→ **EXERCISE OBJECTIVE**: Each line below is to be repeated exactly; any picture is to be left out.

→ **GIVEN INFORMATION**:
━━━━

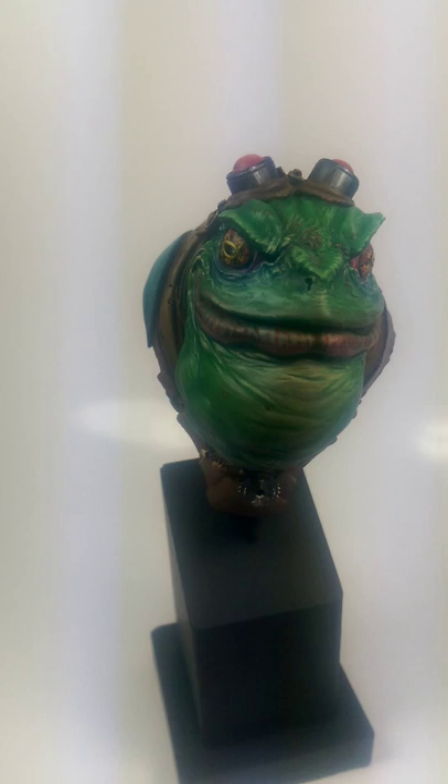Hello everyone, this is Ian from Powerhouse Miniatures. Today just doing a video about Cap and Zappo from Fig One.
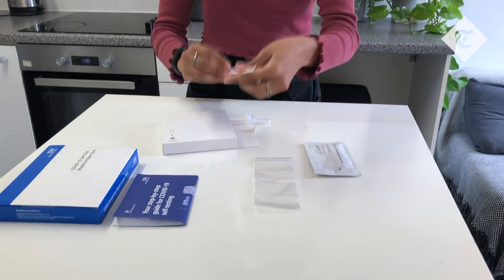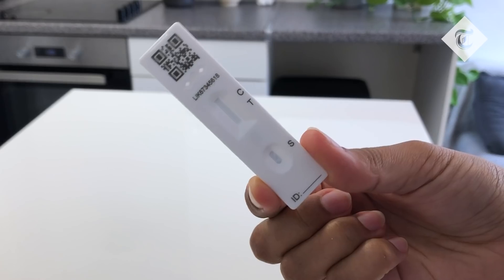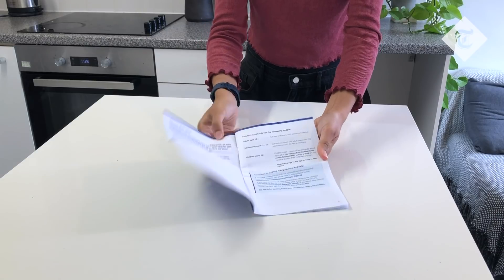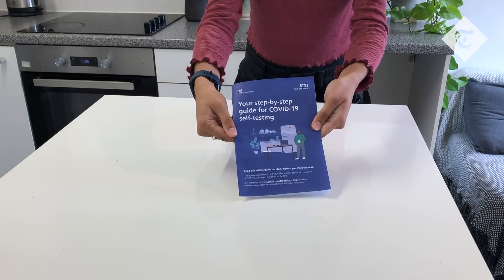Next, check your test kit. Make sure none of the contents have been damaged. You should have a sealed swab, a tube with a dropper, some extraction fluid, a test cartridge, and a waste bag. Double check the instructions in your packet as they may vary from model to model. Some kits for example just require a sample from your nose, but this one requires a sample from your throat and nose.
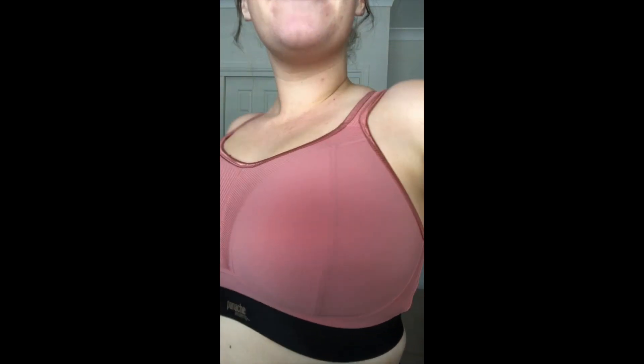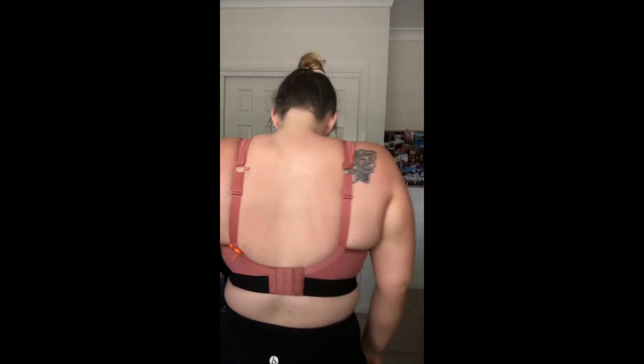Hi, it's Dominique from Brava, and today I'm going to be showing you the Panache wire-free sports bra. As a longtime wearer of the underwired Panache sports bra, I was really keen to try the wire-free version.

━━━━

→ **ANSWER**:
Hello everyone, this is Ian from Powerhouse Miniatures. Today just doing a video about Cap and Zappo from Fig One.
Next, check your test kit. Make sure none of the contents have been damaged. You should have a sealed swab, a tube with a dropper, some extraction fluid, a test cartridge, and a waste bag. Double check the instructions in your packet as they may vary from model to model. Some kits for example just require a sample from your nose, but this one requires a sample from your throat and nose.
Hi, it's Dominique from Brava, and today I'm going to be showing you the Panache wire-free sports bra. As a longtime wearer of the underwired Panache sports bra, I was really keen to try the wire-free version.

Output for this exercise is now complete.